§ Work required: All of the records are to be copied out exactly, with nothing left out.

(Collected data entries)
···

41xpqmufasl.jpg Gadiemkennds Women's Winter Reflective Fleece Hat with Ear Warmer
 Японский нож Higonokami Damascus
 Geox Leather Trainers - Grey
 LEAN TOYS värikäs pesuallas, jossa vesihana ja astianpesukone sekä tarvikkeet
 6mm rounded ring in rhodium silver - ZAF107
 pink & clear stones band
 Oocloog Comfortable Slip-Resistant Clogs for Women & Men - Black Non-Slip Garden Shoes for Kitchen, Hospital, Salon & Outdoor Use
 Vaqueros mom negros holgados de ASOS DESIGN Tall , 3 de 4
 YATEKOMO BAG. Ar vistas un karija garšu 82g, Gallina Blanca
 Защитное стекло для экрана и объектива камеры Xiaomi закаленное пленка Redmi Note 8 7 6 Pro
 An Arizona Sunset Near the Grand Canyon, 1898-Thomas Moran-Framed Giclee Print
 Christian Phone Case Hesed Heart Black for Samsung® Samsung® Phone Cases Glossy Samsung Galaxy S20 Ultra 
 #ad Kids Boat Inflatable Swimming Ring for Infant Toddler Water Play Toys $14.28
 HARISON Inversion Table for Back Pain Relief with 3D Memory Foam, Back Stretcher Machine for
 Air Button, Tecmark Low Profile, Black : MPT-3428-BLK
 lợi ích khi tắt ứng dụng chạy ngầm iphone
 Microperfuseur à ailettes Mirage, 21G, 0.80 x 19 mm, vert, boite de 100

···

§ Solution for this problem:
41xpqmufasl.jpg Gadiemkennds Women's Winter Reflective Fleece Hat with Ear Warmer
 Японский нож Higonokami Damascus
 Geox Leather Trainers - Grey
 LEAN TOYS värikäs pesuallas, jossa vesihana ja astianpesukone sekä tarvikkeet
 6mm rounded ring in rhodium silver - ZAF107
 pink & clear stones band
 Oocloog Comfortable Slip-Resistant Clogs for Women & Men - Black Non-Slip Garden Shoes for Kitchen, Hospital, Salon & Outdoor Use
 Vaqueros mom negros holgados de ASOS DESIGN Tall , 3 de 4
 YATEKOMO BAG. Ar vistas un karija garšu 82g, Gallina Blanca
 Защитное стекло для экрана и объектива камеры Xiaomi закаленное пленка Redmi Note 8 7 6 Pro
 An Arizona Sunset Near the Grand Canyon, 1898-Thomas Moran-Framed Giclee Print
 Christian Phone Case Hesed Heart Black for Samsung® Samsung® Phone Cases Glossy Samsung Galaxy S20 Ultra 
 #ad Kids Boat Inflatable Swimming Ring for Infant Toddler Water Play Toys $14.28
 HARISON Inversion Table for Back Pain Relief with 3D Memory Foam, Back Stretcher Machine for
 Air Button, Tecmark Low Profile, Black : MPT-3428-BLK
 lợi ích khi tắt ứng dụng chạy ngầm iphone
 Microperfuseur à ailettes Mirage, 21G, 0.80 x 19 mm, vert, boite de 100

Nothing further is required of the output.